If you actually want to "save" your work, then you need to volume mount (using -v docker flag) your local filesystem into the container for at least the following directories.
HDFS Data Directory
NameNode Data Directory
/home/cloudera
I think the hadoop data folders are somewhere under /var/lib/hadoop-*, by default
The better alternative for saving your workloads would be the CDH VM, where it actually has a persistent HDD associated with it.

How exactly does docker work? (Theory)

I am venturing into using docker and trying to get a firm grasp of the product.
While I love everything it promises it is a big change from doing things manually.
Right now I understand how to build a container, attach your code, commit and push it to your repo.
But what I am really wondering is how do I update my code once deployed, for example, I have some minor bug fixes but no change to dependencies but I also run a database in the same container.
Container:
Node & NPM
Nginx
Mysql
php
Right now the only way I understand you can do it is to close thje container re pull the new container and run, but I am thinking you will lose database data.
I have been reading into https://docs.docker.com/engine/tutorials/dockervolumes/
and thinking maybe the container mounts a data file that persists between containers.
What I am trying to do is run a web app/website with the above container layout and just change code with latest bugfixes/features.
You're quite correct. Docker images are something you should be rebuilding and discarding with each update - avoid commit wherever possible (outside your build scripts anyway).
Persistent state should be managed via data containers that you then mount with your image. Thus your "data" is decoupled from that specific version and instance of the application.

Is it "safe" to commit a running container in docker?

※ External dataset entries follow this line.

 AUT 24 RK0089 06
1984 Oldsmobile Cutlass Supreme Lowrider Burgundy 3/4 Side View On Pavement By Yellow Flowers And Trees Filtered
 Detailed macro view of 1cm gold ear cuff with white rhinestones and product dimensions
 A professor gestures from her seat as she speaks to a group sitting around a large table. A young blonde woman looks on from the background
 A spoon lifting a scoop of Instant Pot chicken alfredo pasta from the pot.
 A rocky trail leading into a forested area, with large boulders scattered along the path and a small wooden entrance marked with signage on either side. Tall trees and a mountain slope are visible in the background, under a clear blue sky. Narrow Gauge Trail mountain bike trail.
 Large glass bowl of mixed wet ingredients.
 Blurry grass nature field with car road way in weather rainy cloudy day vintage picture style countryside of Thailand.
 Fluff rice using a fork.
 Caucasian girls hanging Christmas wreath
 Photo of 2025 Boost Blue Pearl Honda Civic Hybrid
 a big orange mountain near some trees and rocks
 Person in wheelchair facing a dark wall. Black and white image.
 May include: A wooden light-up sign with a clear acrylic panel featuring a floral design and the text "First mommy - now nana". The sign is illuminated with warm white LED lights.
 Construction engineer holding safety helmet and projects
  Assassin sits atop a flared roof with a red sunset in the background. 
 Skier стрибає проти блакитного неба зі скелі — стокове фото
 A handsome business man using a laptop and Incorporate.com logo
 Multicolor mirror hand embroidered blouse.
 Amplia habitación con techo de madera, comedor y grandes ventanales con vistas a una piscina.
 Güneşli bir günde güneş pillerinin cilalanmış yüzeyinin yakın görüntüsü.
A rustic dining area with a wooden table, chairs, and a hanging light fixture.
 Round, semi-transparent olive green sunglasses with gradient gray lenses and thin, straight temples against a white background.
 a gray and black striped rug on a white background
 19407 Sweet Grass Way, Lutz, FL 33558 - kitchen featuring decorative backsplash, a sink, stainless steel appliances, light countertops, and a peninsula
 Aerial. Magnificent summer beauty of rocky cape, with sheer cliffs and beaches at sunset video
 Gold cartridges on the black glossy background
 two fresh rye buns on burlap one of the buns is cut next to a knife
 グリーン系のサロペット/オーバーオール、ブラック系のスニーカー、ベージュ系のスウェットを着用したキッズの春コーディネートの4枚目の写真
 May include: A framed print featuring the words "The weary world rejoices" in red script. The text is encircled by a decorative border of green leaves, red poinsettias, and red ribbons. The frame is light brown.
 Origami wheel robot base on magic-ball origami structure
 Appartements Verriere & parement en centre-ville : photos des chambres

As the title goes, safe means... the proper way?
Safe = consistent, no data loss, professional, legit way.
Hope to share some experiences with pro docker users.
Q. Commit is safe for running docker containers (with the exception of rapidly changing realtime stuff and database stuff, your own commentary is appreciated.)
Yes or No answer is accepted with comment. Thanks.
All memory and harddisk storage is saved inside the container instance. You should, as long as you don't use any external mounts/docker volumes and servers (externally connected DBs?) never get in trouble for stopping/restarting and comitting dockers. Please read on to go more in depth on this topic.
A question that you might want to ask yourself initially, is how does docker store changes that it makes to its disk on runtime? What is really sweet to check out, is how docker actually manages to get this working. The original state of the container's hard disk is what is given to it from the image. It can NOT write to this image. Instead of writing to the image, a diff is made of what is changed in the containers internal state in comparison to what is in the docker image.
Docker uses a technology called "Union Filesystem", which creates a diff layer on top of the initial state of the docker image.
This "diff" (referenced as the writable container in the image below) is stored in memory and disappears when you delete your container. When you use docker commit, the writable container that is retained in the temporary "state" of the container is stored inside a new image, however: I don't recommend this. The state of your new docker image is not represented in a dockerfile and can not easily be regenerated from a rebuild. Making a new dockerfile should not be hard. So that is alway the way-to-go for me personally.
When your docker is working with mounted volumes, external servers/DBs, you might want to make sure you don't get out of sync and temporary stop your services inside the docker container. When you would use a dockerfile you can start up a bootstrap shell script inside your container to start up connections, perform checks and initialize the running process to get your application durably set up. Again, running a committed container makes it harder to do something like this.